[AVAILABLE DATA]
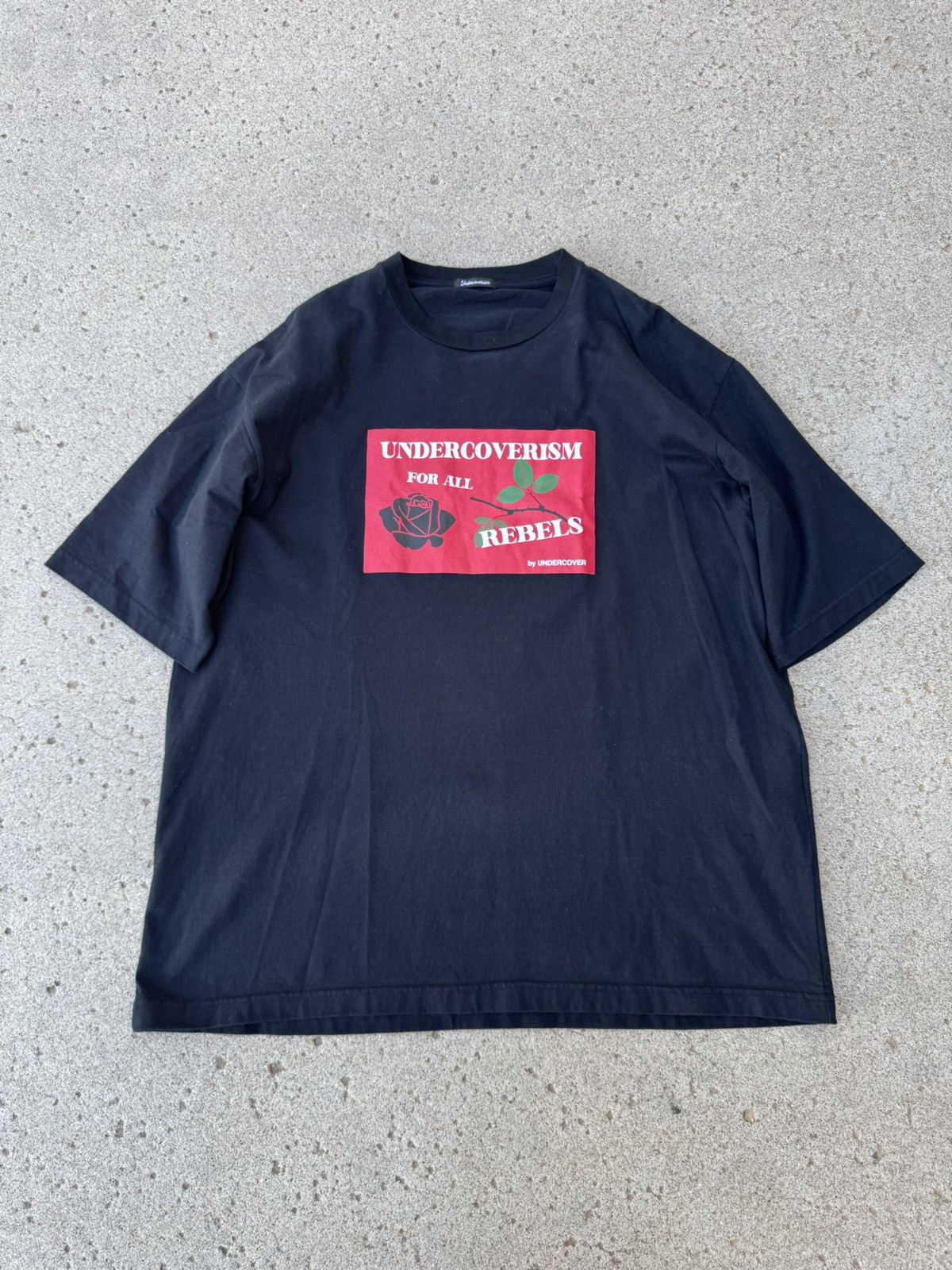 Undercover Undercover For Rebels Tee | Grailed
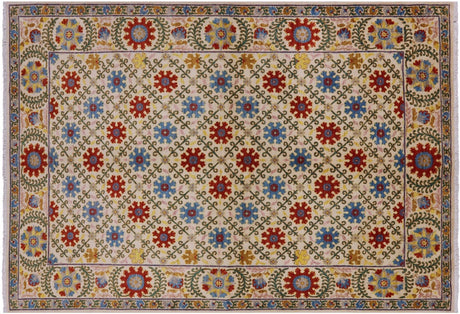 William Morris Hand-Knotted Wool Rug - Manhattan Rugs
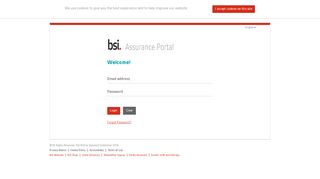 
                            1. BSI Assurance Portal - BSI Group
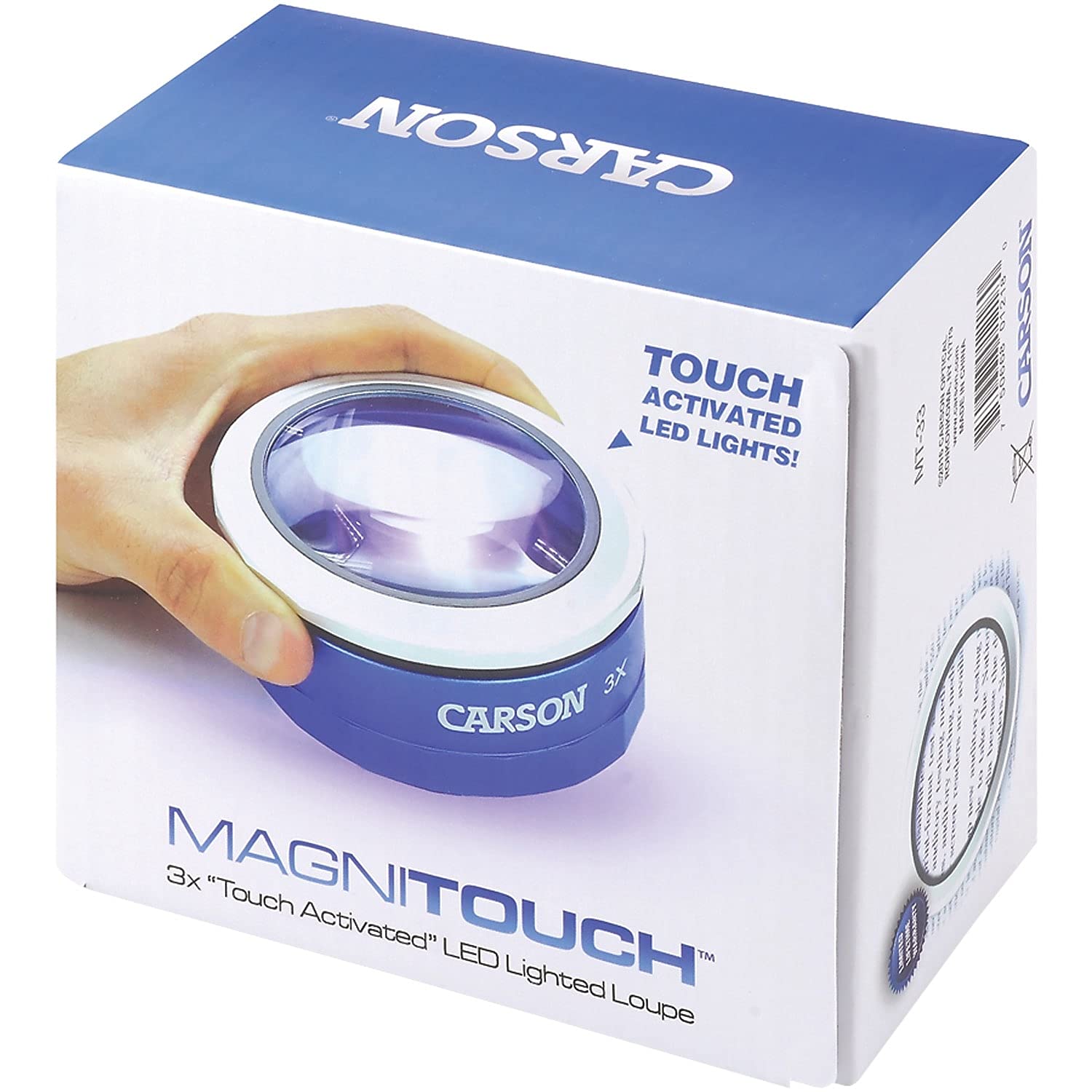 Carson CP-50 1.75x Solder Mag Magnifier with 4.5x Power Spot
[/AVAILABLE DATA]
[AVAILABLE DATA]
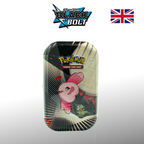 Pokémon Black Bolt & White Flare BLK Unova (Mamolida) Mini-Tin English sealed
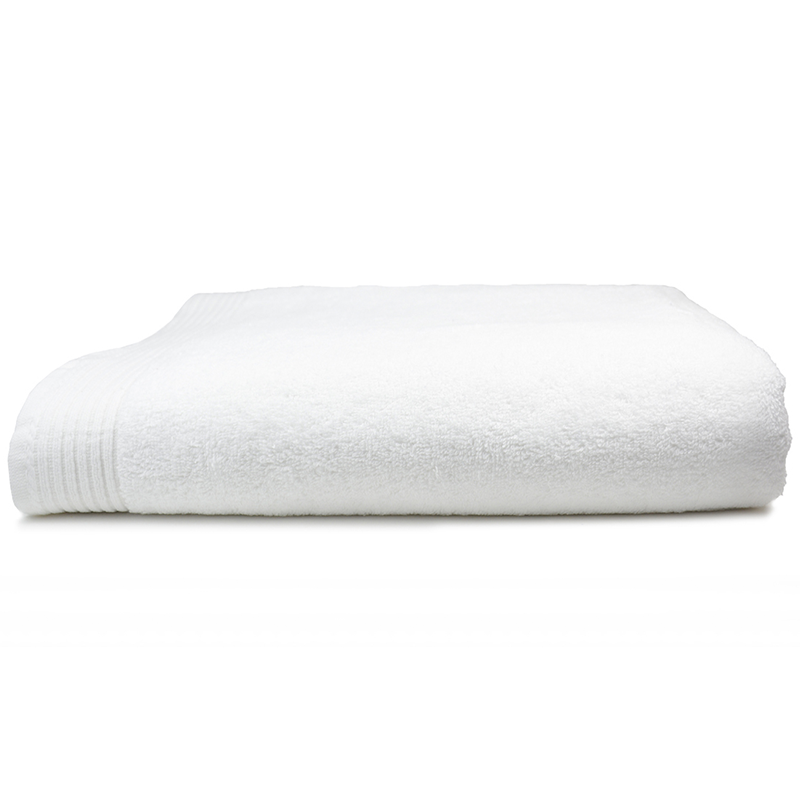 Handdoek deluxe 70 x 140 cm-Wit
[/AVAILABLE DATA]
• _ACTIVITY_
With the pictures removed, print only the lines starting at the line that has "Undercover Undercover For" and ending at the line that has "Carson CP-50 1.75x", both ends included, exactly as they stand above.

• _TASK OUTPUT_
 Undercover Undercover For Rebels Tee | Grailed
 William Morris Hand-Knotted Wool Rug - Manhattan Rugs
                            1. BSI Assurance Portal - BSI Group
 Carson CP-50 1.75x Solder Mag Magnifier with 4.5x Power Spot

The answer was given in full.